» **Data under study**:
■ ■ ■ ■ ■ ■ ■

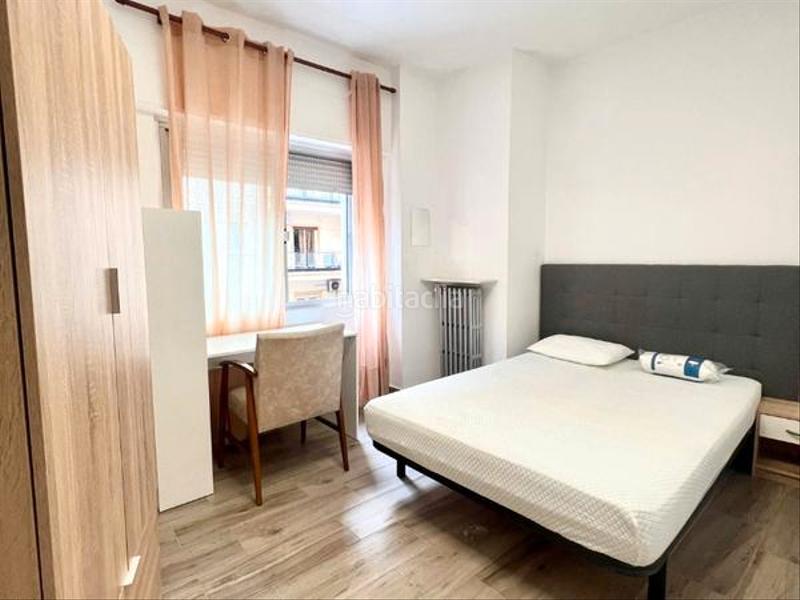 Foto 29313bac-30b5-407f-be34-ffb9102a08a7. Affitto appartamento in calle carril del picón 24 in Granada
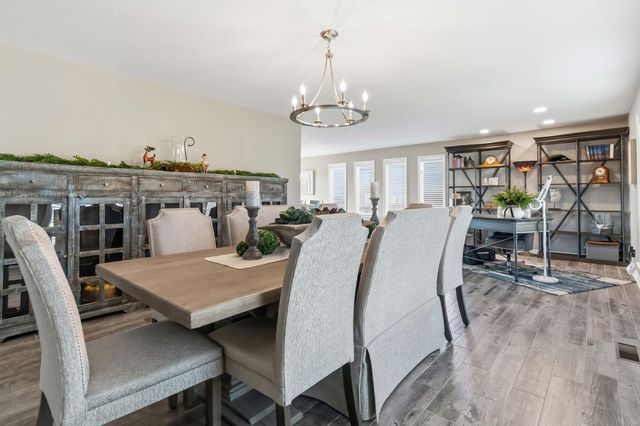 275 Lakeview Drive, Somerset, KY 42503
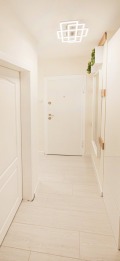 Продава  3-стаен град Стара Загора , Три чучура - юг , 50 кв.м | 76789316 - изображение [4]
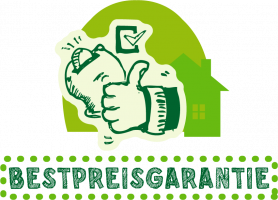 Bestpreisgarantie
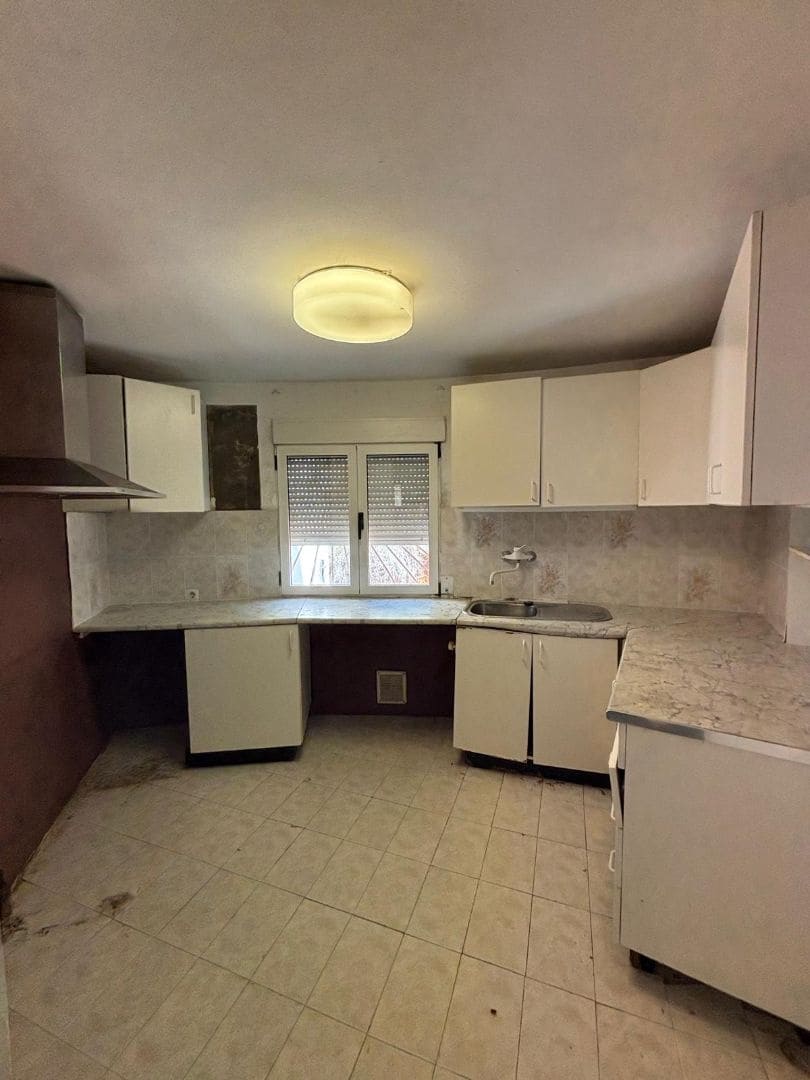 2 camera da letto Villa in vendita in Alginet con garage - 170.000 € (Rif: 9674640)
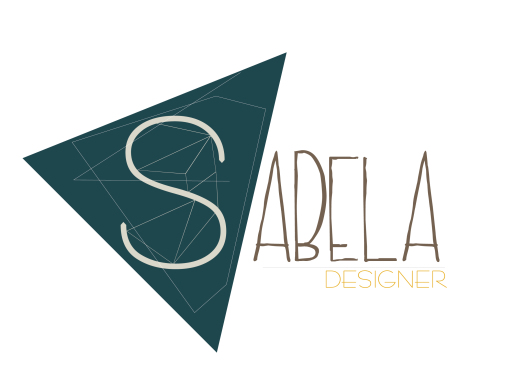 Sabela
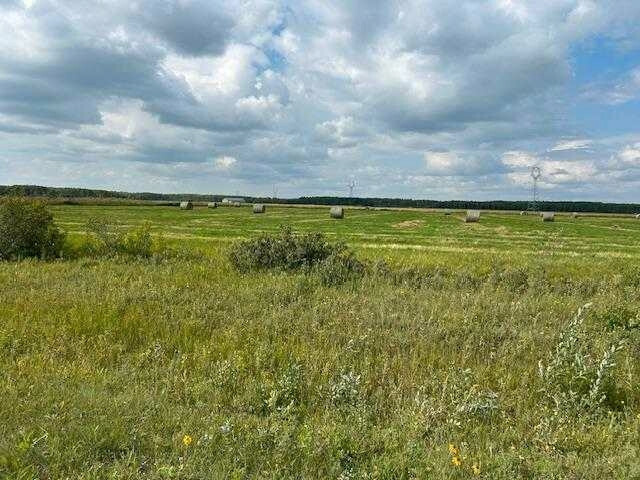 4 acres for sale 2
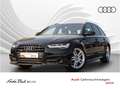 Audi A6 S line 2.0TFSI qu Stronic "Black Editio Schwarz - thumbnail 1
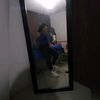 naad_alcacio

■ ■ ■ ■ ■ ■ ■

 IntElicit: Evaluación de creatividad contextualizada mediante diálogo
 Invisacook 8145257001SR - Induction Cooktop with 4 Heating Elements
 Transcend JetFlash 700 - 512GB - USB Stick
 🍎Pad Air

■ ■ ■ ■ ■ ■ ■

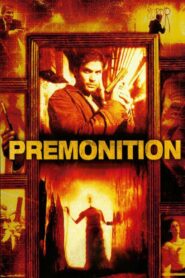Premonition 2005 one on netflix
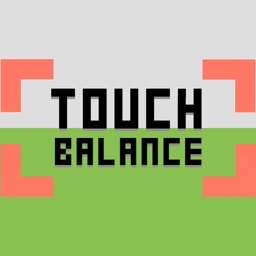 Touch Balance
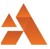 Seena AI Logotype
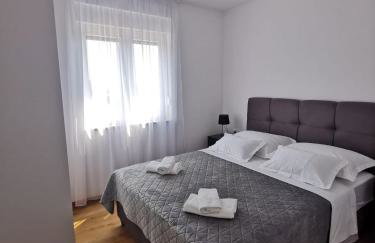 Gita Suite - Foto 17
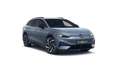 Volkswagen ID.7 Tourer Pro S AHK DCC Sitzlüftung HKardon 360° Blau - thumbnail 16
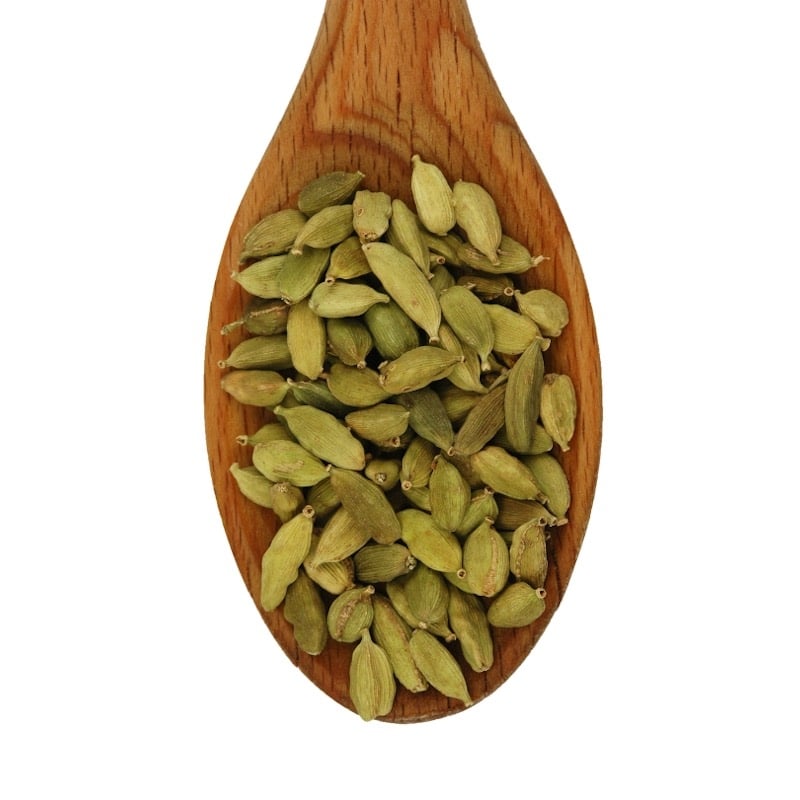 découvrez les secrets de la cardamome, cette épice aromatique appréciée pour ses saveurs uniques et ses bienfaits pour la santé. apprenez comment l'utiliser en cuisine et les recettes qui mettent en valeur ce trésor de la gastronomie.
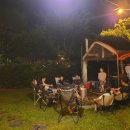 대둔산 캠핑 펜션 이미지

■ ■ ■ ■ ■ ■ ■

» **Exercise**:
Above are some entries. Restate word for word the lines from the one holding "découvrez les secrets" through the one holding "대둔산 캠핑 펜션 이미지", but not the pictures.

» **Result of the task**:
 découvrez les secrets de la cardamome, cette épice aromatique appréciée pour ses saveurs uniques et ses bienfaits pour la santé. apprenez comment l'utiliser en cuisine et les recettes qui mettent en valeur ce trésor de la gastronomie.
 대둔산 캠핑 펜션 이미지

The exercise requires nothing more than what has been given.